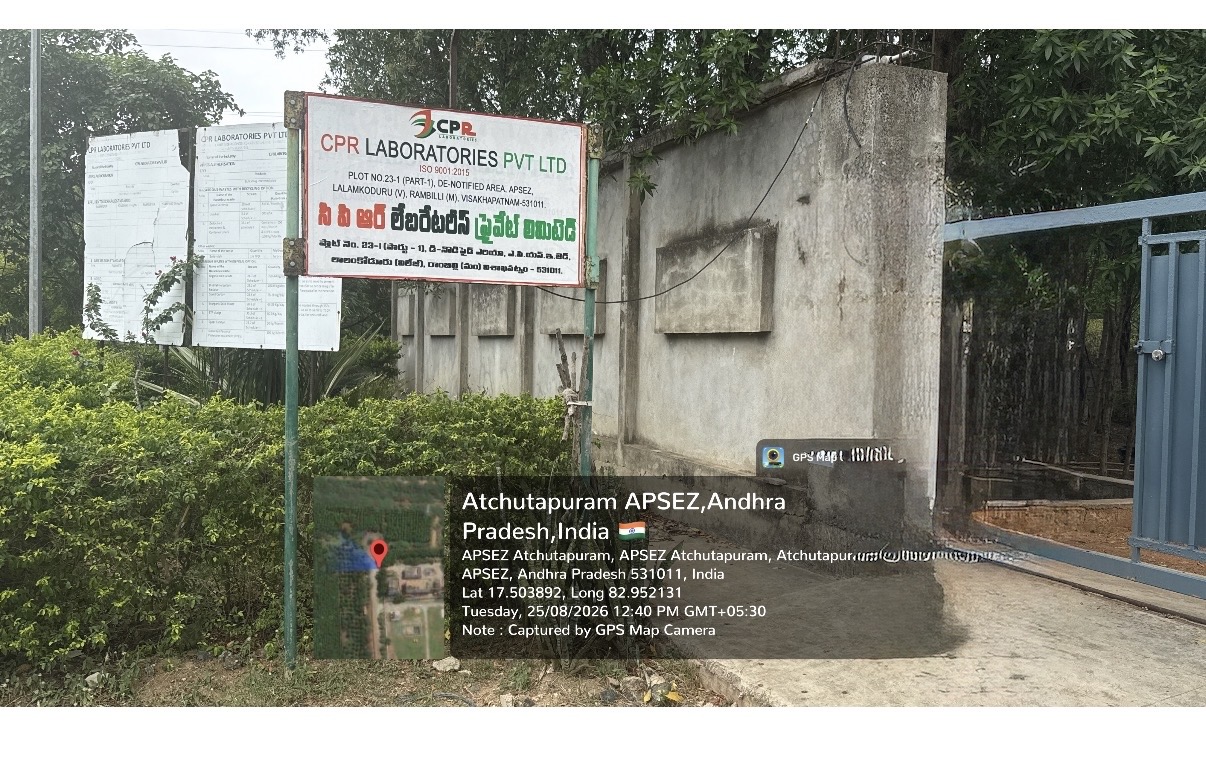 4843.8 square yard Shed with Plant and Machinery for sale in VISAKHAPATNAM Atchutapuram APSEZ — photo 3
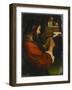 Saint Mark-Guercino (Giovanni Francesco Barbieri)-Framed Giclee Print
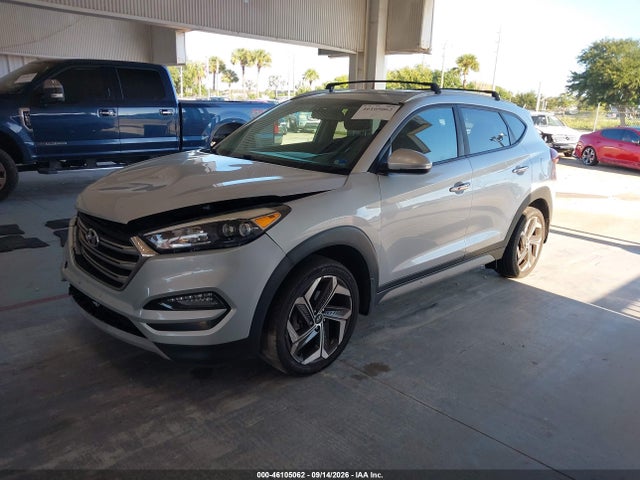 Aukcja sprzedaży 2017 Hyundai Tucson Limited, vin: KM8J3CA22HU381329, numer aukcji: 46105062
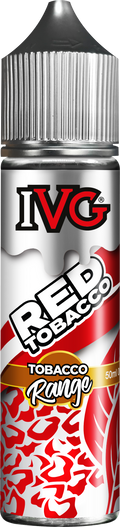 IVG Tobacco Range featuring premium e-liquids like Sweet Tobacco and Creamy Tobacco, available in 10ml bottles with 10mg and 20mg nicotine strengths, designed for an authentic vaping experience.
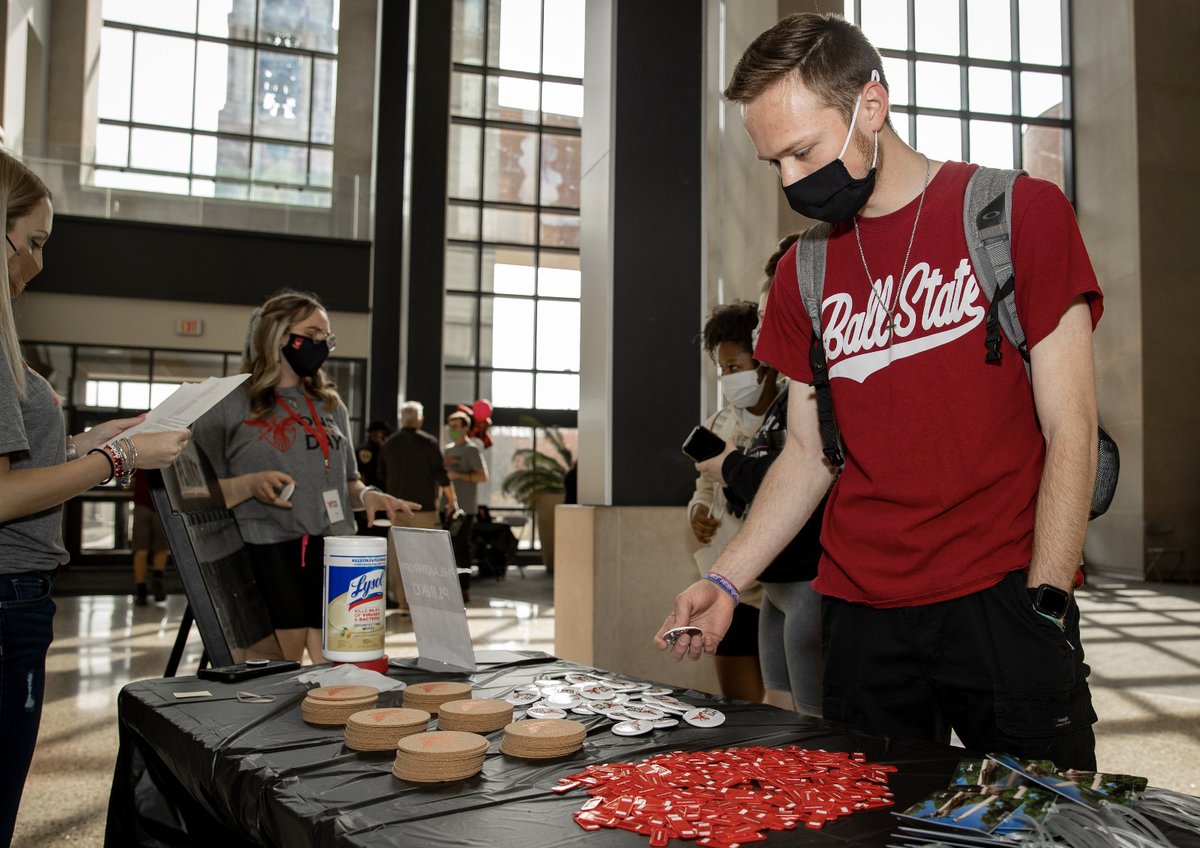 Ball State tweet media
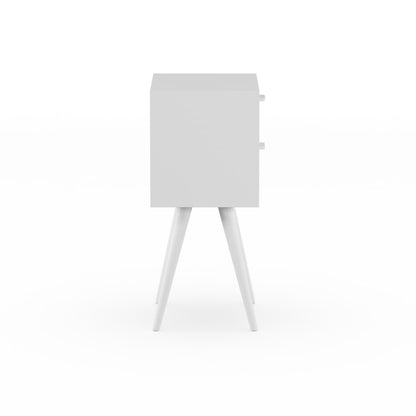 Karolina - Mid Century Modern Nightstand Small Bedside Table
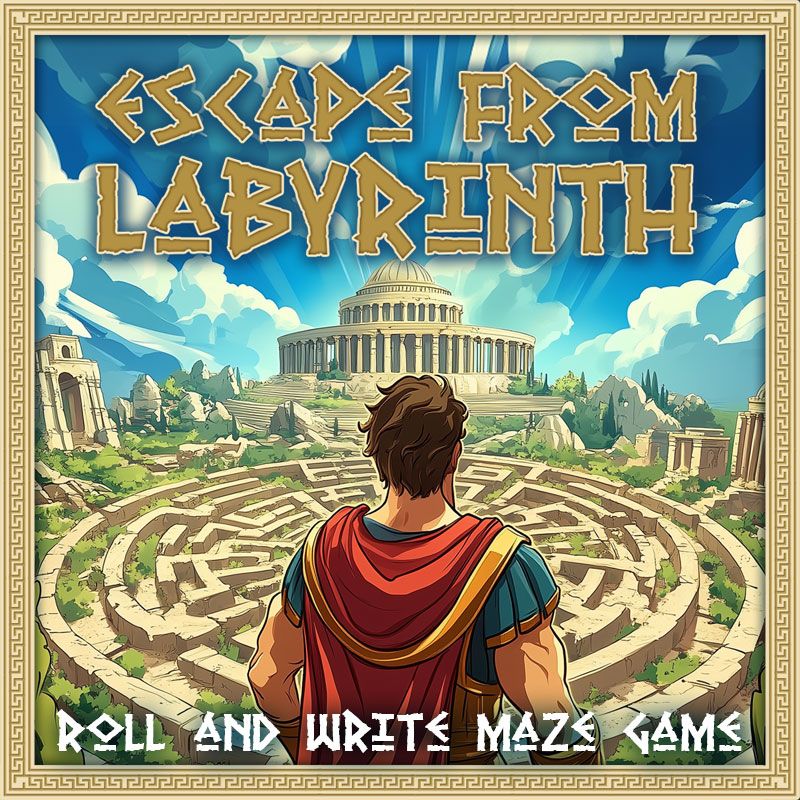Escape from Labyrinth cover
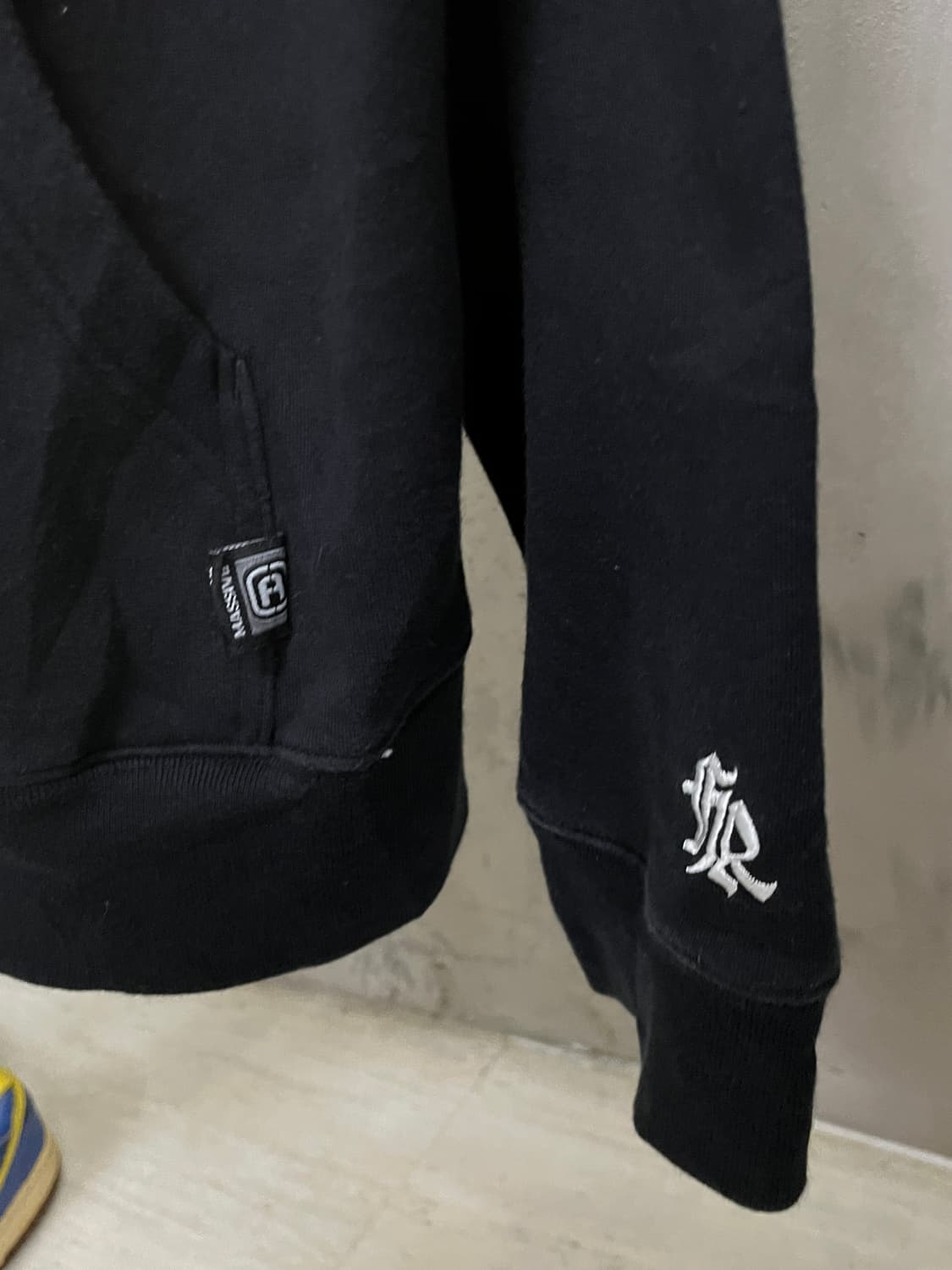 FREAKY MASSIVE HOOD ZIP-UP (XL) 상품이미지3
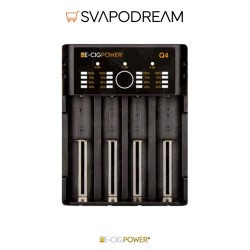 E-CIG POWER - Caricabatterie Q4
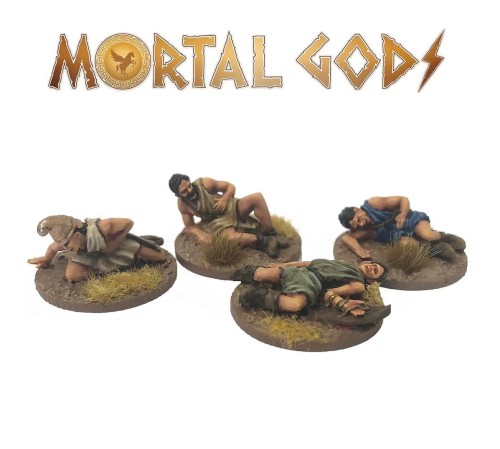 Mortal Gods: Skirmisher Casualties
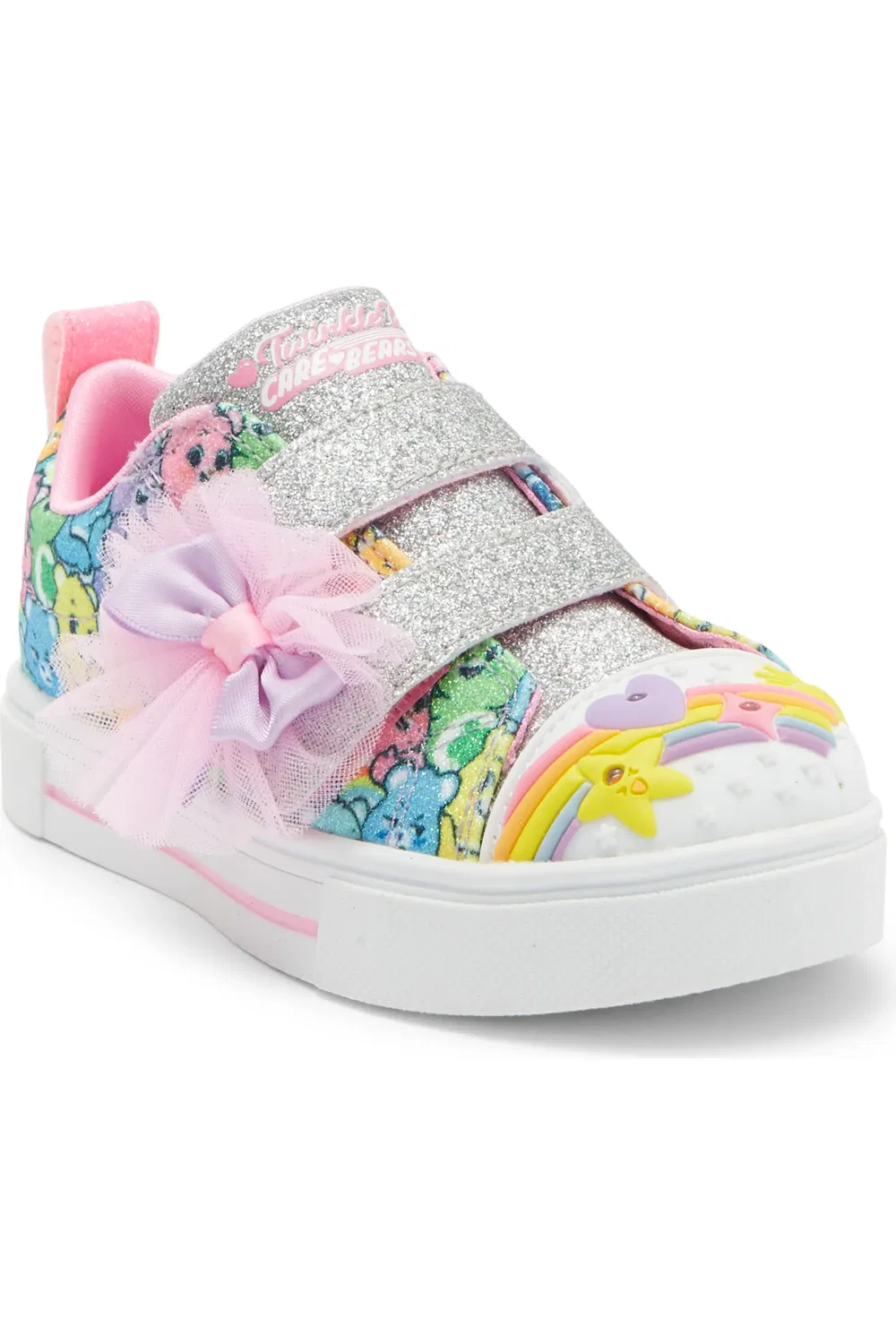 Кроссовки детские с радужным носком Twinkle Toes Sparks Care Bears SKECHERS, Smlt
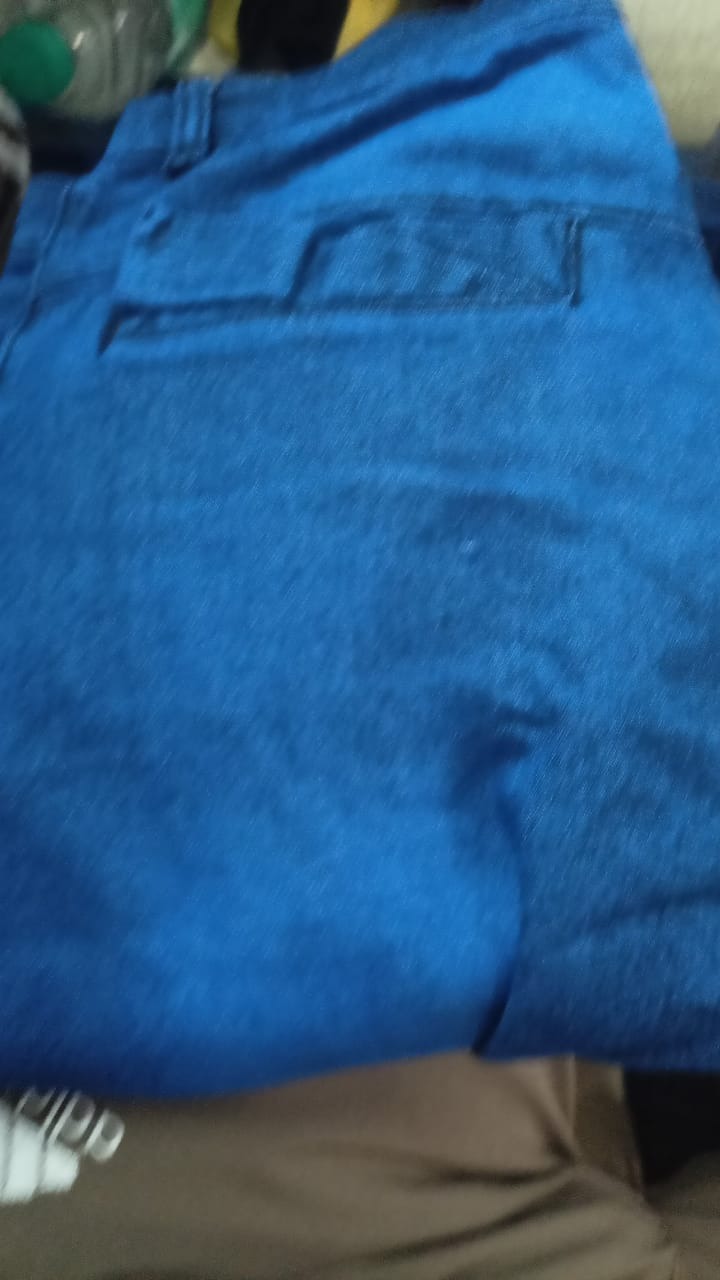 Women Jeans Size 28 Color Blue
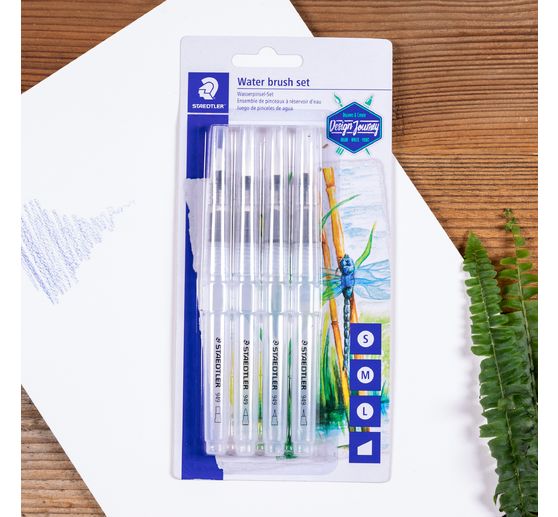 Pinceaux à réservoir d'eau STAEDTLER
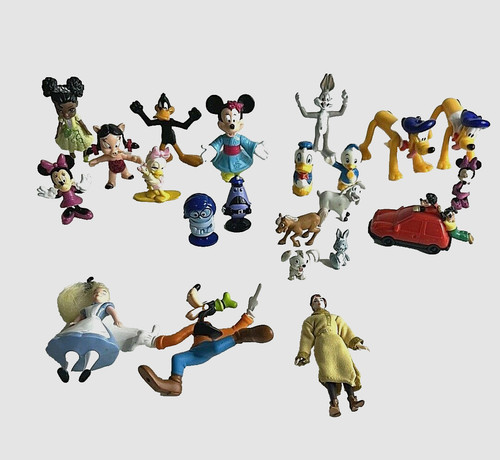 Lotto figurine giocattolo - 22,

- ACTIVITY: Output exactly the lines from the one that has "Saint Mark-Guercino (Giovanni" through the end of the data. Do not include pictures.

- EXERCISE RESULT:
 Saint Mark-Guercino (Giovanni Francesco Barbieri)-Framed Giclee Print
 Aukcja sprzedaży 2017 Hyundai Tucson Limited, vin: KM8J3CA22HU381329, numer aukcji: 46105062
 IVG Tobacco Range featuring premium e-liquids like Sweet Tobacco and Creamy Tobacco, available in 10ml bottles with 10mg and 20mg nicotine strengths, designed for an authentic vaping experience.
 Ball State tweet media
 Karolina - Mid Century Modern Nightstand Small Bedside Table
Escape from Labyrinth cover
 FREAKY MASSIVE HOOD ZIP-UP (XL) 상품이미지3
 E-CIG POWER - Caricabatterie Q4
 Mortal Gods: Skirmisher Casualties
 Кроссовки детские с радужным носком Twinkle Toes Sparks Care Bears SKECHERS, Smlt
 Women Jeans Size 28 Color Blue
 Pinceaux à réservoir d'eau STAEDTLER
 Lotto figurine giocattolo - 22,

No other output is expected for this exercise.